Billionaires may be in love with the way Donald Trump ushered in an era of wholesale corruption and dismantled labor, consumer, environmental, and social safety net protections. They may adore the way he's made them think that being a racist, misogynist asshole is now something to be proud of. They love that he gave them flimsy cover to be the worst possible versions of themselves.

But Trump also broke a longstanding unspoken compact wherein the U.S. government at least puts on a serviceable stage play that it still functions in the public interest. Without that veneer you've got even the dullest segments of the public increasingly aware of how violently they're getting fucked.

Historically the outcome of that scenario doesn't end well for the extraction class and attached noggins. They know it. They're afraid of it. They're know they're extremely vulnerable to it. And that is a good thing. Confident people secure in their arguments don't behave this way.

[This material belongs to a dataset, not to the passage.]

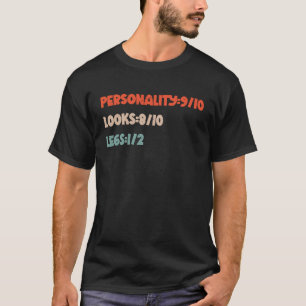 Funny Amputee Ampututation T-shirt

Bad news for rich brats though: whether we're talking about the war in Iran, the decimation of the social safety net, or the wholesale destruction of consumer, labor, environmental protections and corporate oversight, most Americans haven't really even begun to truly feel the full impact of Trump's second term.

This stuff will belately arrive in concussive waves as complex systems marginally-informed people took for granted start to fail. All the soggy Washington Post editorials in the world won't be able to spin the blame away.

When the full public awareness dawns of the true and scale of this era's historic fuckery, it will make the white hot rage billionaires are seeing now seem downright adorable by comparison. In that moment some real opportunities for reform will be available, and I'd like to convince myself they won't be squandered.